Riferendosi allo spagnolo, ma in fondo a tutte le lingue, il 70enne scrittore suggerisce: "Semplifichiamo la grammatica, prima che la grammatica finisca per semplificare noi". E predica la semplicità degli antichi: "Umanizziamo le sue leggi, apprendiamo dalle lingue degli indigeni a cui dobbiamo la grande quantità di cose che ancora hanno da insegnarci". Insomma, conclude, "mandiamo in pensione l'ortografia, terrore dell'essere umano fin dalla nascita".

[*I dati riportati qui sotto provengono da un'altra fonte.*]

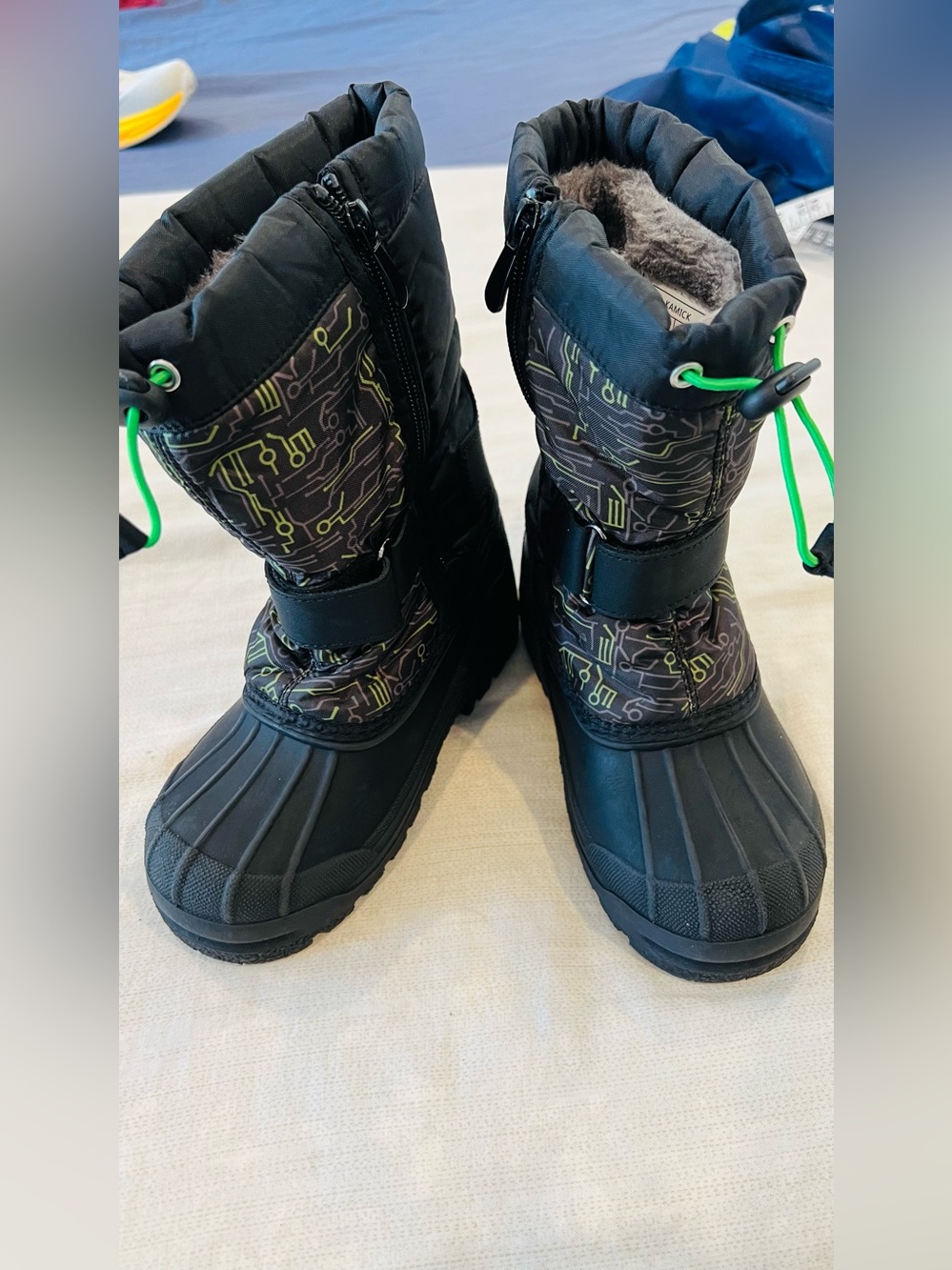 Kids Black Winter Snow Boots with Neon Green Accents size 12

La lezione messicana di Marquez non è però piaciuta a molti esperti: negativa le reazione dello scrittore e Nobel spagnolo Camilo Josè Cela che, pur non volendo entrare in polemica con l'altro Nobel, ha osservato che le regole grammaticali hanno una loro ragione d'essere. "In Spagna è diventato di moda fare errori d'ortografia", pratica che va condannata senza mezzi termini.
Anche un altro scrittore spagnolo, Luis Goyosolo, ha criticato l'argomentazione del relatore colombiano affermando che "se si facesse quello che lui dice, la lingua sarebbe ancor più complicata". Entusiasta invece delle tesi di Marquez è il messicano Raul Avila Sanchez, responsabile del Centro di studi linguistici e letterari del "Colegio de Mexico", secondo cui "l'ortografia è quanto più di antidemocratico esista, perché la decide un gruppo ristretto di persone a partire da una versione che non corrisponde a quanto in molti pensiamo".